#
# $Id: README,v 1.3 1999/09/21 15:47:43 mleisher Exp $
#
# Copyright 1997, 1998, 1999 Computing Research Labs,
# New Mexico State University
#
# Permission is hereby granted, free of charge, to any person obtaining a
# copy of this software and associated documentation files (the "Software"),
# to deal in the Software without restriction, including without limitation
# the rights to use, copy, modify, merge, publish, distribute, sublicense,
# and/or sell copies of the Software, and to permit persons to whom the
# Software is furnished to do so, subject to the following conditions:
#
# The above copyright notice and this permission notice shall be included in
# all copies or substantial portions of the Software.
#
# THE SOFTWARE IS PROVIDED "AS IS", WITHOUT WARRANTY OF ANY KIND, EXPRESS OR
# IMPLIED, INCLUDING BUT NOT LIMITED TO THE WARRANTIES OF MERCHANTABILITY,
# FITNESS FOR A PARTICULAR PURPOSE AND NONINFRINGEMENT. IN NO EVENT SHALL
# THE COMPUTING RESEARCH LAB OR NEW MEXICO STATE UNIVERSITY BE LIABLE FOR ANY
# CLAIM, DAMAGES OR OTHER LIABILITY, WHETHER IN AN ACTION OF CONTRACT, TORT
# OR OTHERWISE, ARISING FROM, OUT OF OR IN CONNECTION WITH THE SOFTWARE OR
# THE USE OR OTHER DEALINGS IN THE SOFTWARE.
#
Unicode and Regular Expressions
Version 0.5
This is a simple regular expression package for matching against Unicode text
in UCS2 form. The implementation of this URE package is a variation on the
RE->DFA algorithm done by Mark Hopkins ([email protected]). Mark
Hopkins' algorithm had the virtue of being very simple, so it was used as a
model.
---------------------------------------------------------------------------
Assumptions:
o Regular expression and text already normalized.
o Conversion to lower case assumes a 1-1 mapping.
Definitions:
Separator - any one of U+2028, U+2029, '\n', '\r'.
Operators:
. - match any character.
* - match zero or more of the last subexpression.
+ - match one or more of the last subexpression.
? - match zero or one of the last subexpression.
() - subexpression grouping.
Notes:
o The "." operator normally does not match separators, but a flag is
available for the ure_exec() function that will allow this operator to
match a separator.
Literals and Constants:
c - literal UCS2 character.
\x.... - hexadecimal number of up to 4 digits.
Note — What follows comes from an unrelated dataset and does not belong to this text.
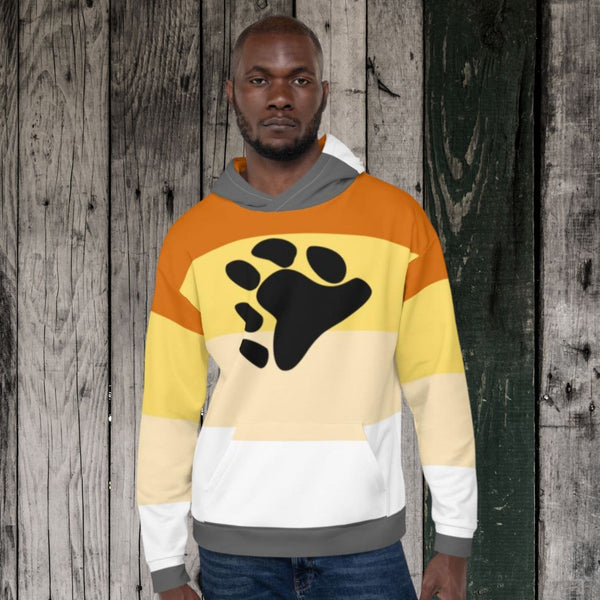 Front-view model wearing an orange, yellow, cream, and white paw-print hoodie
\X.... - hexadecimal number of up to 4 digits.
\u.... - hexadecimal number of up to 4 digits.
\U.... - hexadecimal number of up to 4 digits.
Character classes:
[...] - Character class.
[^...] - Negated character class.
\pN1,N2,...,Nn - Character properties class.
\PN1,N2,...,Nn - Negated character properties class.
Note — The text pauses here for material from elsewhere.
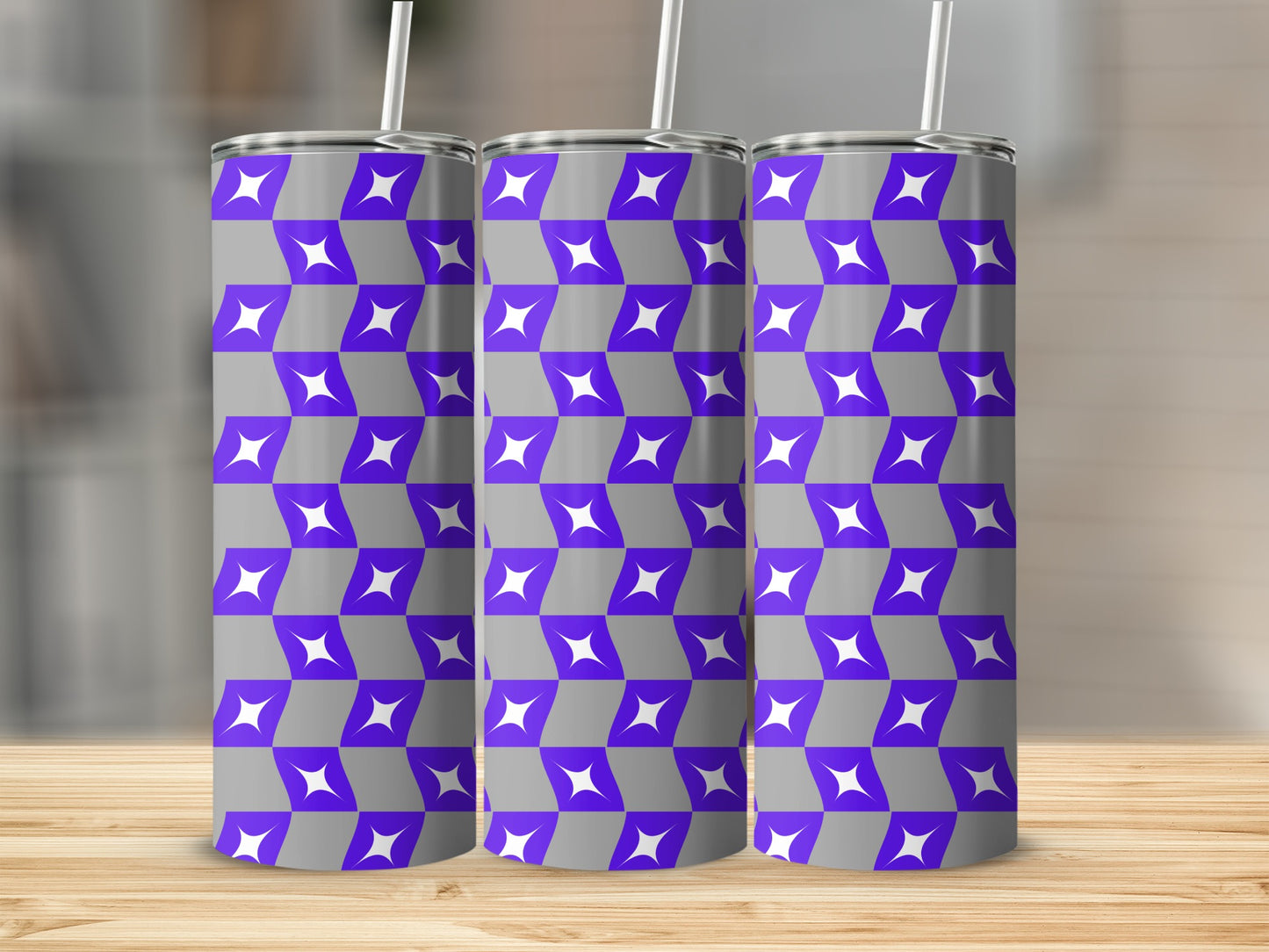 Three tall tumblers with a purple and grey geometric pattern.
POSIX character classes recognized:
:alnum:
:alpha:
:cntrl:
:digit:
:graph:
:lower:
:print:
:punct:
:space:
:upper:
:xdigit:
Notes:
o Character property classes are \p or \P followed by a comma separated
list of integers between 1 and 32. These integers are references to
the following character properties:
N Character Property
--------------------------
1 _URE_NONSPACING
2 _URE_COMBINING
3 _URE_NUMDIGIT
4 _URE_NUMOTHER
5 _URE_SPACESEP
6 _URE_LINESEP
7 _URE_PARASEP
8 _URE_CNTRL
9 _URE_PUA
10 _URE_UPPER
11 _URE_LOWER
12 _URE_TITLE
13 _URE_MODIFIER
14 _URE_OTHERLETTER
15 _URE_DASHPUNCT
16 _URE_OPENPUNCT
17 _URE_CLOSEPUNCT
18 _URE_OTHERPUNCT
19 _URE_MATHSYM
20 _URE_CURRENCYSYM
21 _URE_OTHERSYM
22 _URE_LTR
23 _URE_RTL
24 _URE_EURONUM
25 _URE_EURONUMSEP
26 _URE_EURONUMTERM
27 _URE_ARABNUM
28 _URE_COMMONSEP
29 _URE_BLOCKSEP
30 _URE_SEGMENTSEP
31 _URE_WHITESPACE
32 _URE_OTHERNEUT
o Character classes can contain literals, constants, and character
property classes. Example:
[abc\U10A\p1,3,4]
---------------------------------------------------------------------------
Before using URE
----------------
Before URE is used, two functions need to be created. One to check if a
character matches a set of URE character properties, and one to convert a
character to lower case.
Stubs for these function are located in the urestubs.c file.
Using URE
---------
Sample pseudo-code fragment.
ure_buffer_t rebuf;
ure_dfa_t dfa;
ucs2_t *re, *text;
unsigned long relen, textlen;
unsigned long match_start, match_end;
/*
* Allocate the dynamic storage needed to compile regular expressions.
*/
rebuf = ure_buffer_create();
for each regular expression in a list {
re = next regular expression;
relen = length(re);
/*
* Compile the regular expression with the case insensitive flag
* turned on.
*/
dfa = ure_compile(re, relen, 1, rebuf);
/*
* Look for the first match in some text. The matching will be done
* in a case insensitive manner because the expression was compiled
* with the case insensitive flag on.
*/
if (ure_exec(dfa, 0, text, textlen, &match_start, &match_end))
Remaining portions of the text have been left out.